# WHAT YOU HAVE TO DO:
Word for word, restate the listing; omit the pictures.

# AVAILABLE DATA:

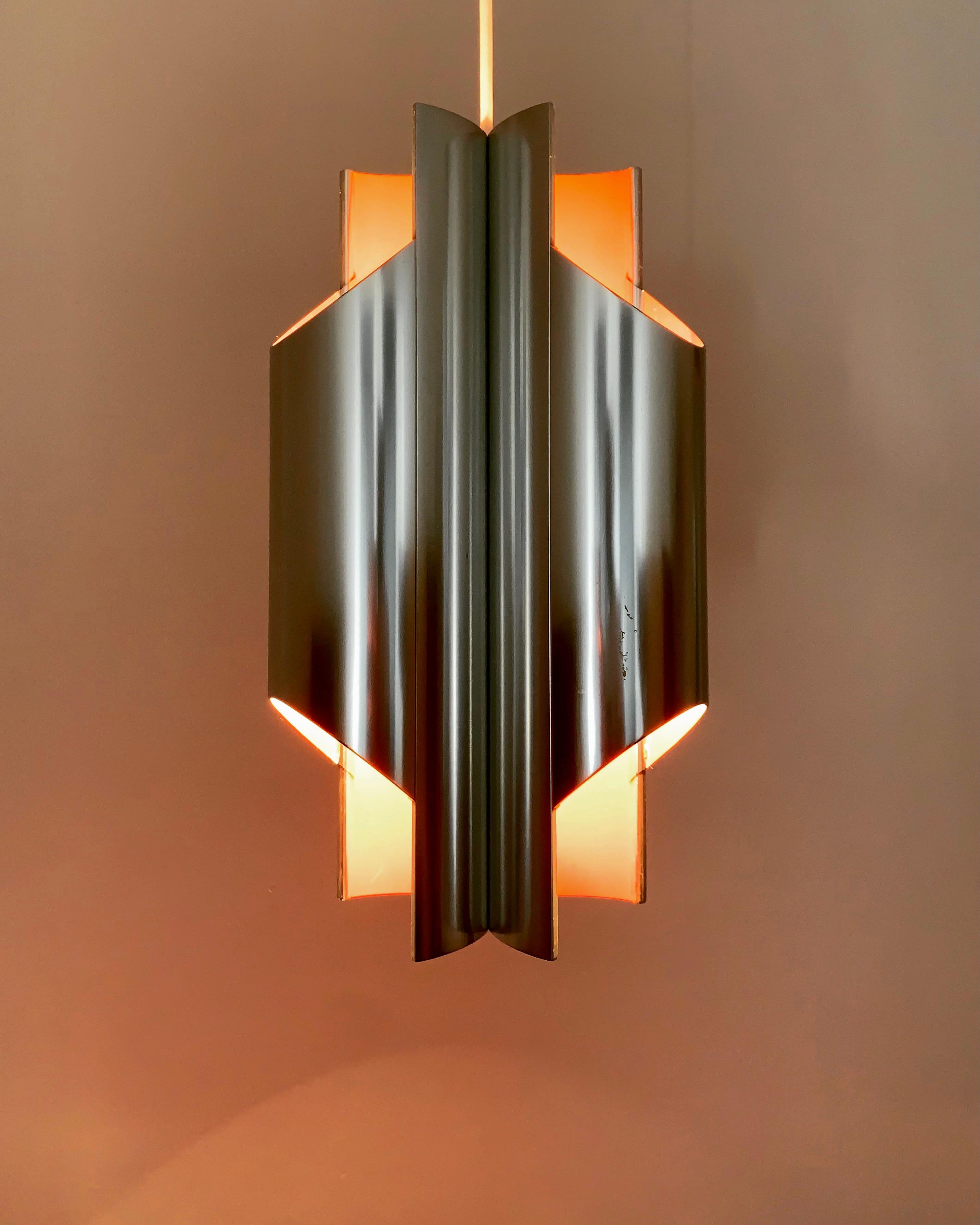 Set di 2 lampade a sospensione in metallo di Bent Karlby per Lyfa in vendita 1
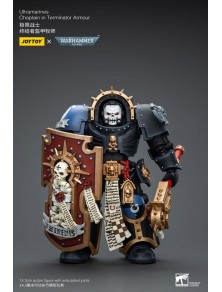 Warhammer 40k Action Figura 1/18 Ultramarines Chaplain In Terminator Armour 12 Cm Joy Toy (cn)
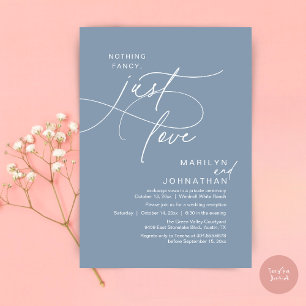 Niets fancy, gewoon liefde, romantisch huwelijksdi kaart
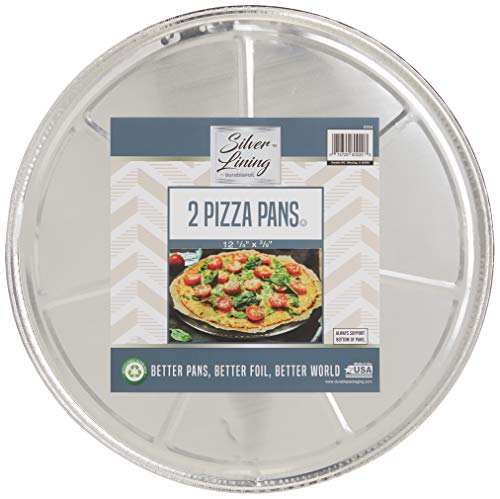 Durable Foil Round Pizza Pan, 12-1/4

# RESPONSE TO THE TASK:
 Set di 2 lampade a sospensione in metallo di Bent Karlby per Lyfa in vendita 1
 Warhammer 40k Action Figura 1/18 Ultramarines Chaplain In Terminator Armour 12 Cm Joy Toy (cn)
 Niets fancy, gewoon liefde, romantisch huwelijksdi kaart
 Durable Foil Round Pizza Pan, 12-1/4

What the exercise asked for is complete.